The Japanese yen continued to weaken against the US dollar, trading around 157.75 amid ongoing Middle East tensions driving up energy costs, which heavily impact Japan’s import-dependent economy. Finance Minister Satsuki Katayama emphasized authorities’ “strong sense of urgency” in monitoring the yen’s decline, keeping currency intervention as a potential option while coordinating with the US, as the USD/JPY pair hit a 5-week low near 157.67 the prior day.
Central Bank Notes:
- The Policy Board of the Bank of Japan meets on 22–23 January 2026, with markets fully expecting the short-term policy rate to remain at 0.75%, following the December 2025 hike, as the bank assesses the impact of prior tightening while emphasizing gradual, data-dependent adjustments.
- The BOJ will continue targeting the uncollateralized overnight call rate around 0.75% and signal that future rate hikes depend on the effects of recent increases on bank lending, corporate financing, and economic activity, with some policymakers eyeing a possible move as early as April.
- JGB purchase tapering proceeds on schedule, with outright purchases reduced by ¥400 billion per quarter through March 2026, then ¥200 billion per quarter from April to June 2026, aiming for around ¥2 trillion monthly in Q1 2027, with flexibility if market conditions worsen.
- Japan’s economy showed recovery signs after the Q3 2025 contraction, with Q4 2025 GDP growth estimated positively amid export strength, though business sentiment among manufacturers softened to a six-month low of +7 in January 2026 due to weaker overseas demand.

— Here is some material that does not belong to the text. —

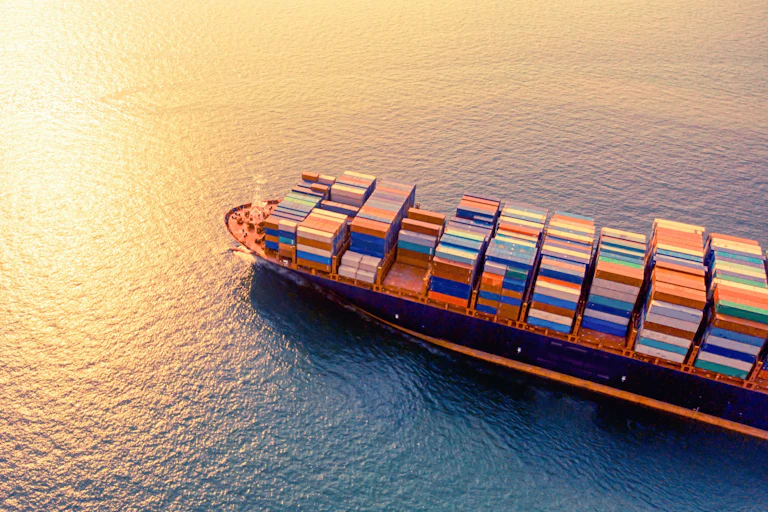 Cargo ship sailing, sunset
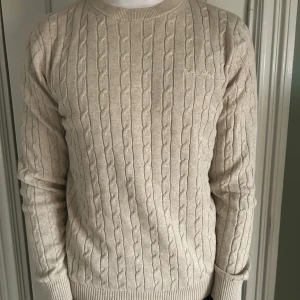 Stickad tröja från bonelid - Säljer en stilren beige kabelstickad tröja från bonelid i str S men passar även M personen på bilden är 180 cm och väger 70 kg. tveka inte på att kontakta mig vid minsta fundering !🙌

- Core consumer inflation (excluding fresh food) eased to 2.3% year-on-year in December 2025 Tokyo CPI, down from 2.8-3.0% peaks earlier, while core-core (excluding fresh food and energy) stood at 2.6%, both above the 2% target but with moderating cost pressures.
- Near-term input costs continue easing from faded import surges, but services inflation and steady wage gains with early 2026 negotiations targeting 5% hikes sustain price momentum; medium-term inflation expectations remain anchored above 2%, tilting upside risks.
- In the coming quarters, real growth may moderate below potential amid tighter conditions and yen weakness, but accommodative real rates, real wage gains, and fiscal support are poised to bolster private consumption and investment recovery.
- Medium-term, stabilizing overseas demand and tight labor markets should drive wage growth and keep core inflation gradually around or above 2%, allowing cautious rate normalization if financial conditions stay supportive.
- The next meeting is on 18 to 19 March 2026.
Next 24 Hours Bias
Strong Bearish
Oil
Key news events today
EIA Crude Oil Inventories (2:30 pm GMT)
What can we expect from Oil today?
Oil prices continue rallying above $85 (Brent) amid a fourth day of US-Israeli-Iran war, Strait of Hormuz blockages, and refinery hits, offsetting OPEC+’s limited April increase; markets brace for prolonged supply fears as stocks falter and analysts eye $100/barrel risks.